* What you are asked to do: Would you copy out each line of the records below that includes the word "with"?

* Data for this exercise:
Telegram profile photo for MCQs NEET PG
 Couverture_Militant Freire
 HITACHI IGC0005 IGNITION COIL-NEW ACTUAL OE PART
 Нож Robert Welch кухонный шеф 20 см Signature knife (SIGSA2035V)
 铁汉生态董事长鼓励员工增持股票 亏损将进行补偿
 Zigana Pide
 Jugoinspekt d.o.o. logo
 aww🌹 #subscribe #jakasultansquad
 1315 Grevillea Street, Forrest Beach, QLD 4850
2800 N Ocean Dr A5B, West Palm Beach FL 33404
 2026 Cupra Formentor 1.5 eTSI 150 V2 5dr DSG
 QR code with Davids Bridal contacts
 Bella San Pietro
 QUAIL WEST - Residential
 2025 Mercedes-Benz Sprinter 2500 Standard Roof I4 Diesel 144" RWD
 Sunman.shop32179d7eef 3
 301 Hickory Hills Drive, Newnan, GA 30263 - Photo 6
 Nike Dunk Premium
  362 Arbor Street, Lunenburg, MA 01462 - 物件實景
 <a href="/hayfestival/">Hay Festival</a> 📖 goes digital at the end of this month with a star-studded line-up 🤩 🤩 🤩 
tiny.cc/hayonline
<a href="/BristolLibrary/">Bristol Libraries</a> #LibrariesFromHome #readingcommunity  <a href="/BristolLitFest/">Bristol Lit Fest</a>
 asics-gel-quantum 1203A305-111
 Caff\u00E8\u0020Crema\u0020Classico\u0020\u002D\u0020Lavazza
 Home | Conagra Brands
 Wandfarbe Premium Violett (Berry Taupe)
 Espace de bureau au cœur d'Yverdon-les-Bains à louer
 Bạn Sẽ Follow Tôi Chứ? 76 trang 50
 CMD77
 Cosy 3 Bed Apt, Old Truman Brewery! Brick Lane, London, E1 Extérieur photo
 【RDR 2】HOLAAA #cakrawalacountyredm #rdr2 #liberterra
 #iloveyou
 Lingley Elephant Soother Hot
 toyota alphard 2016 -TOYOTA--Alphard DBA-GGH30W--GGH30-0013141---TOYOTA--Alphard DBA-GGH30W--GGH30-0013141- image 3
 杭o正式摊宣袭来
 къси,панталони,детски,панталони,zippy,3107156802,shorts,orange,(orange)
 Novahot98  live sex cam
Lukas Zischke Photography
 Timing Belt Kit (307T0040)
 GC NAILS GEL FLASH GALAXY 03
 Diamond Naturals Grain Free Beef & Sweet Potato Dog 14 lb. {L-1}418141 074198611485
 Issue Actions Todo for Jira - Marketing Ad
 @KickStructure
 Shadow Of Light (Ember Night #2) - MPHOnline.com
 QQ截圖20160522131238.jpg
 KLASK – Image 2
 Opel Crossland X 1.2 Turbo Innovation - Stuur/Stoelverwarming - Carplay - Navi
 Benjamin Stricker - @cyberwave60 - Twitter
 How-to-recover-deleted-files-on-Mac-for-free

* Response to this exercise:
 QR code with Davids Bridal contacts
 <a href="/hayfestival/">Hay Festival</a> 📖 goes digital at the end of this month with a star-studded line-up 🤩 🤩 🤩 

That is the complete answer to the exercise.